Then why would you consider the opinion of someone who knows nothing about any methodology upon which he is providing an opinion? Rather, anyone who would opine about that which they do not have a deep understanding is nothing more than a fool and their opinion should be summarily dismissed.
Lastly, as far as how accurate one can be using Elliott Wave analysis, please allow me to give you just a few of the major market calls we have made over the last six years since we have been open at Elliottwavetrader.net:
--We correctly called for gold to top within $6 of its actual high in 2011.
--We correctly called for the low in the metals market at the end of 2015. In fact, our metals broker wrote this about our purchases at the time:
“Your timing on buying the dips is uncanny Avi! People should be aware of this if you don’t mind. . . I can attest to your accuracy on actually buying both gold and silver from us as close to the bottom as one could. With gold you called it to the letter and your limit order which was placed well in advance executed perfectly. The silver limit orders were within a tight range of the lows as well.” —Doug Eberhardt of Buygoldandsilversafely.com
--We correctly called for a multi-year rally in the U.S. Dollar Index (DXY) back in July 2011 when it was in the 74 region, when most other analysts were calling for the “death to the dollar” at that time. In fact, our first major target was the 103.53 region, the 1.618 extension of waves 1 and 2 (an Elliott Wave projection). And, as we now know, the market struck a high of 103.82 at the start of 2017 before we dropped strongly off that region since that time.

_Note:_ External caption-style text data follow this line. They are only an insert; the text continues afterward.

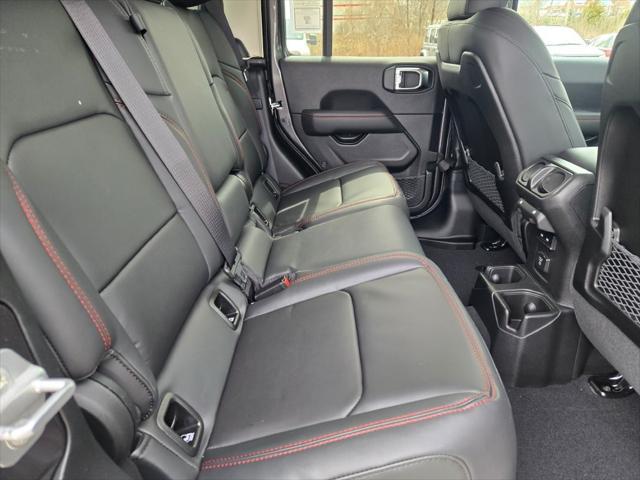 new 2025 Jeep Gladiator car, priced at $53,795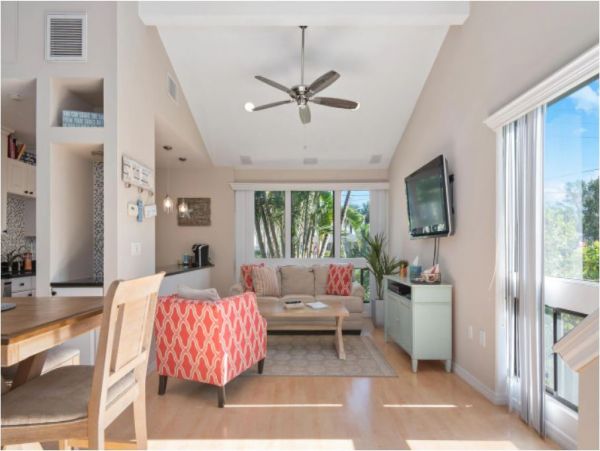Lido Key Vacation Condo Two Bedrooms Walk To Beach Sleeps 6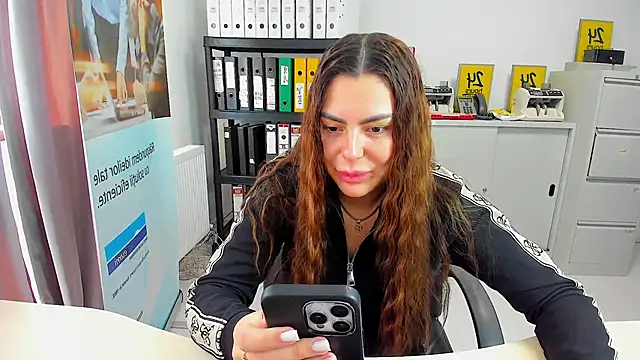 kilenyapatrice online show from February 9, 1:46 pm
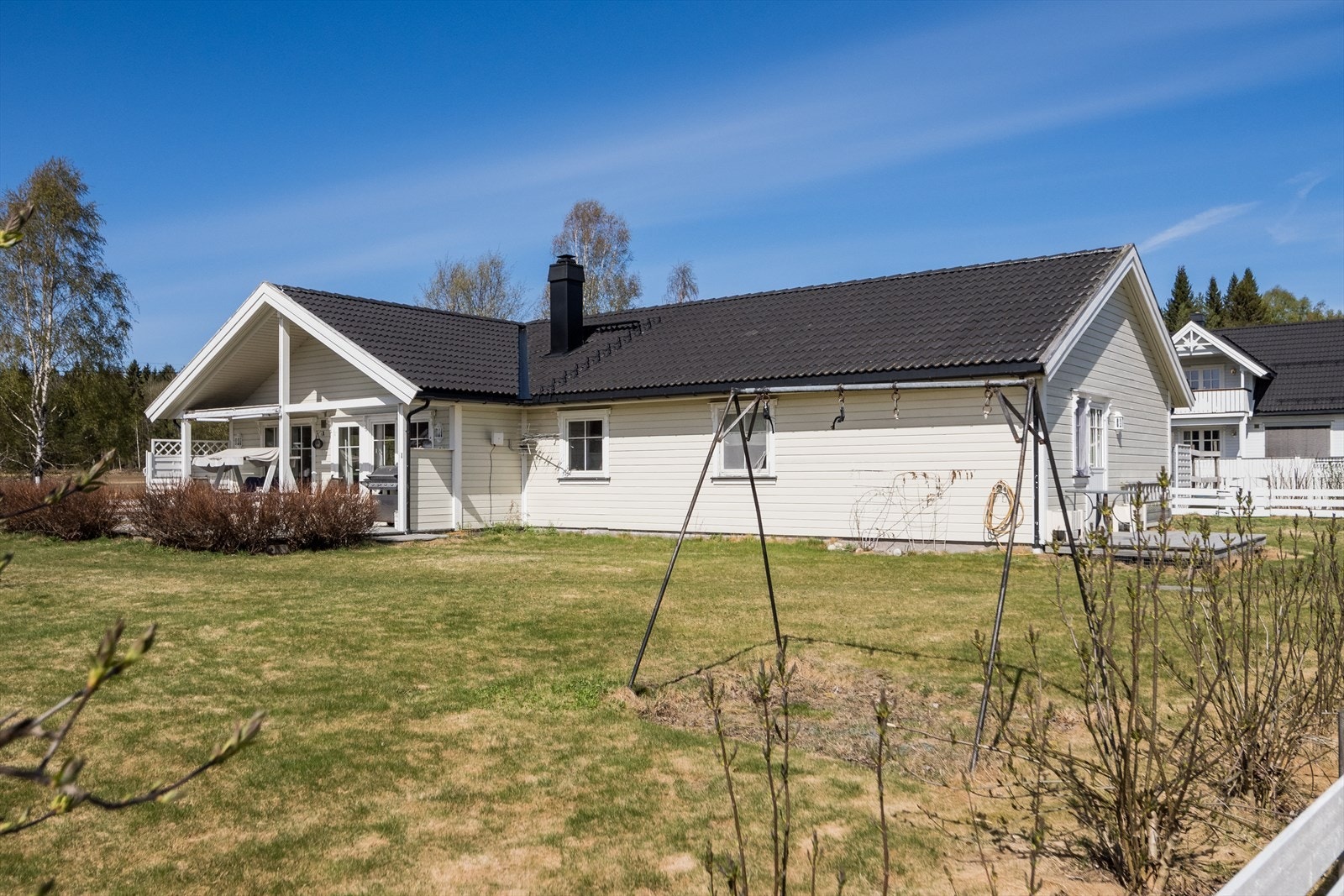 Eneboligen ligger i et godt etablert boligområde på Hanstad. Galleribilde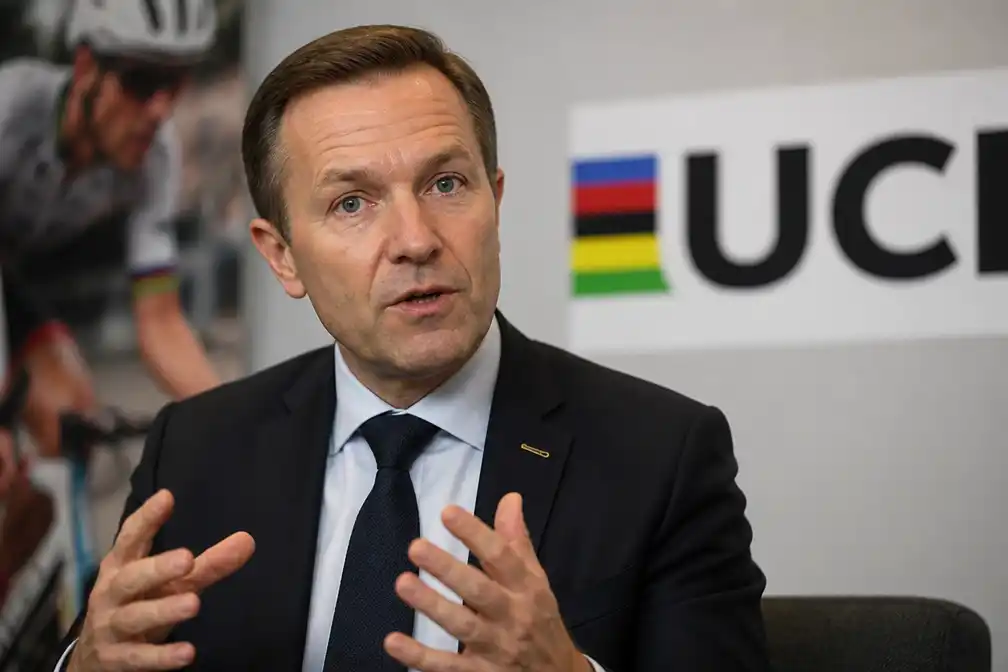 UCI-voorzitter verdedigt nachtelijke dopingcontroles bij Pogacar en Vingegaard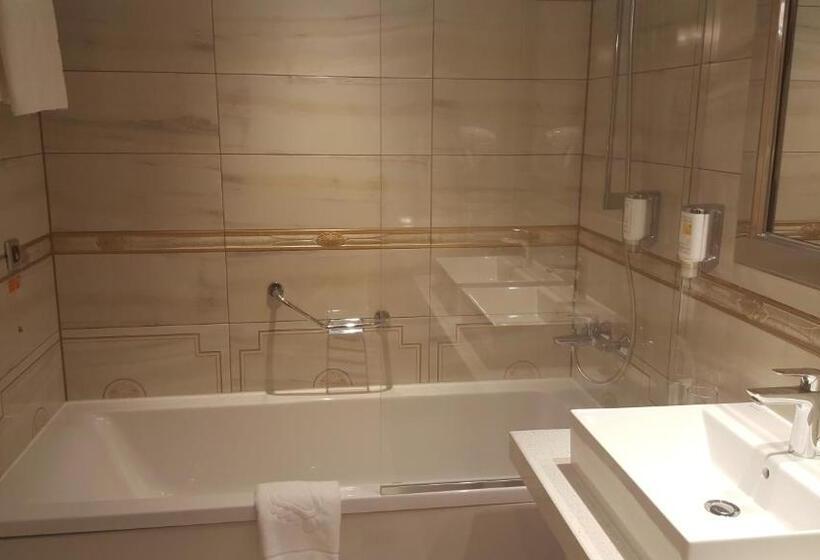 キングサイズベッドのデラックススイート, Spa Hotel Rich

--Back at the end of 2015, we called for the S&P 500 Index (SPX) to drop from the 2100 region down to the 1800 region, which would then set up a “global melt up” wherein the SPX would reach a target of at least the 2537-2611 region. Again, for those who remember the early 2016 time-frame, most analysts were quite bearish at the time, expecting a market crash. Meanwhile, we were preparing for the 700+ point market rally we were correctly expecting.
--On November 4 a few days before the election, we were calling for the market to bottom out in the near term, and continue its rally towards the 2500 region into 2017 “no matter who wins the election.” As we all may remember, most market participants were quite certain that the bull market would come to an end if Donald Trump would become the next president. So, when Trump won the election, and the market began its strong rally to the 2500 region, it again substantiated our analysis, especially since it was the exact opposite of what most market participants believed at the time.
While these are just a handful of the many correct market calls we have made in the 6 years we have been open at Elliottwavetrader.net, I think it provides substantial proof as to the usefulness of Elliott Wave analysis, as applied through our Fibonacci Pinball methodology.
So, I would implore anyone who is reading my words to consider adopting a methodology that tracks what truly moves markets – market sentiment. And, Elliott Wave analysis is truly the best methodology I have ever come across that accurately tracks market sentiment.